The predicted proteomes from the 104 genome assemblies were used to define and characterize the pangenome of Penicillium to uncover the genetic diversity of the genus. A pangenome is defined as the entire set of genes of a strain, species, or genus. It can be divided into core and accessory genome, which are orthogroups present in all isolates and orthogroups that are not shared by all isolates, respectively. As part of the core genome, 2249 orthogroups were defined since these were present in all isolates, whereas 5612 orthogroups were identified as part of the softcore genome, a subdivision of core genome where an orthogroup can be found in at least 98 isolates (95% of 104 isolates) (Fig. 3a). The softcore genome also includes the orthogroups from core genome. The accessory genome can be further divided into a shell genome corresponding to orthogroups found in 3–97 isolates and a cloud genome corresponding to orthogroups found in two isolates or singleton genes. Respectively, 24,607 and 106,563 orthogroups belongs to shell and cloud genome. Due to their wide distribution within the genus, orthogroups belonging to the core/softcore and shell genomes likely represent true protein coding genes, conversely, a proportion of the cloud genome is likely to not represent functional genes, but instead gene fragments, pseudogenes, and errors during gene calling. This is supported by the observation that the median lengths of every protein sequence in the core (486 aa), softcore (471 aa), and shell (356 aa) are rather similar, whereas the median length of the cloud (145 aa) orthogroups is much lower. (Fig. 3b). For this reason, the shell genome likely best describes the accessory genome and further work with the accessory genome was performed using the shell genome only. Henceforth, the term accessory genome will be used instead of shell. Furthermore, from the observed BUSCO completeness of 97.87% we can expect that the chance of observing a true core genome orthogroup in all genomes is only 0.9787104 = 10.66%, rendering the strict definition of core genome meaningless. As a consequence, the softcore genome is taken as representing the true core genome and henceforth the term core genome will be used.

Fig. 3
figure 3

Pangenome characteristics. a The distribution of orthogroups in the core, softcore, shell, and cloud genome of Penicillium. The x-axis lists the different orthogroups whereas the y-axis lists the different assemblies. Purple and grey list whether the orthogroup is present or absent, respectively. The number under each panel lists the number of orthogroups in the different part of the pangenome. The panels were scaled after the number of orthogroups. Thus, softcore genome is approximately two and half times larger than core genome, whereas shell genome is approximately four times larger than softcore genome. The exception is the cloud genome that should be four times larger than shell genome, but instead is four times smaller. b The distribution of lengths of all protein sequences in the pangenome. The y-axis is discontinuous. All distributions were significantly different from each other (two-sided Mann–Whitney U-test) as indicated by stars. c The cumulative size of the Penicillium gene pool.
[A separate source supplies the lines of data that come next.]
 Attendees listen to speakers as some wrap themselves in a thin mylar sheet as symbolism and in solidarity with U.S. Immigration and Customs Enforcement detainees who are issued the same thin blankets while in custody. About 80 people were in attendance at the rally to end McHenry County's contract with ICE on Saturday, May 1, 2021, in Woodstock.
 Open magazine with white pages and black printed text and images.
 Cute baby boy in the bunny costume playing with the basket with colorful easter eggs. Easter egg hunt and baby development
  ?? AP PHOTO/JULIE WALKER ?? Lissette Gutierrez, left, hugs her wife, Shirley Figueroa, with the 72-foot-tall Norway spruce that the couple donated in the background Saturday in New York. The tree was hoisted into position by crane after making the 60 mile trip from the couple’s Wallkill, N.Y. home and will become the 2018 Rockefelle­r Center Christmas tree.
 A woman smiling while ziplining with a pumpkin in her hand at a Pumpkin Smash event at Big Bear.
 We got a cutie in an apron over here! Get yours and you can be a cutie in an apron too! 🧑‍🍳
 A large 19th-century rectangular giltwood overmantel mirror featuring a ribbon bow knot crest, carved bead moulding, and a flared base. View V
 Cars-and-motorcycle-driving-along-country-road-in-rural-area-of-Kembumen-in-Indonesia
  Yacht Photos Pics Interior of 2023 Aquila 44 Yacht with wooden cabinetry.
The analysis was performed ten times with random addition of genomes. d The distribution of the median dN/dS value for each orthogroup. The y-axis is discontinuous. The two distributions are significantly different from each other as indicated by stars corresponding to a p value of < 2 × 10−16 using two-sided Mann–Whitney U-test. e KOG functional classification of the pangenome. Only the best hit from each orthogroup was included and if this hit had multiple categories, all of them are plotted. The R and S category were discarded in the plot. A, RNA processing and modification; B, chromatin structure and dynamics; C, energy production and conversion; D, cell cycle control, cell division and chromosome partitioning; E, amino-acid transport and metabolism; F, nucleotide transport and metabolism; G, carbohydrate transport and metabolism; H, coenzyme transport and metabolism; I, lipid transport and metabolism; J, translation, ribosomal structure, and biogenesis; K, transcription; L, replication, recombination, and repair; M, cell wall/membrane/envelope biogenesis; N, cell motility; O, post-translational modification, protein turnover, and chaperones; P, inorganic ion transport and metabolism; Q, secondary metabolites biosynthesis, transport, and catabolism; T, signal transduction mechanisms; U, intracellular trafficking, secretion, and vesicular transport; V, defense mechanisms; W, extracellular structures; Y, nuclear structure; and Z, cytoskeleton

Predicted proteins with a length > 150 aa were used to estimate the size of the pan- and core genome size by random addition of genome sequences. This process was replicated 10 times. The saturation of the core genome indicates a relatively closed pangenome, meaning that the addition of new genome assemblies did not substantially decrease the number of orthogroups (Fig. 3c) in the core genome. In contrast, addition of new genome sequences to the pangenome adds new orthogroups to the gene pool, indicating an open pangenome. The same analysis was also performed on subsets of data that were extracted based on protein length from Fig. 3b. From here, it is clear that protein sequences ≤ 150 aa did not show any saturation whereas three subsets, 151–750 aa, 751–1500 aa, and > 1500 aa showed saturation as protein length increased (Additional file 2: Figure S9). It is likely that predicted proteins with a length < 150 aa contains a larger proportion of gene fragments, pseudogenes, and other errors than larger proteins. Taken together, these results show that while the core genome of Penicillium is well characterized in this pangenome model, the accessory genome is less comprehensively described and while showing signs of saturation, considerable gene, and therefore potential for metabolic diversity, is not included in the present pangenome model. Regardless, the large accessory genome observed agrees with the observed diversity of Penicillium habitats, enabling isolates to survive in diverse environmental niches.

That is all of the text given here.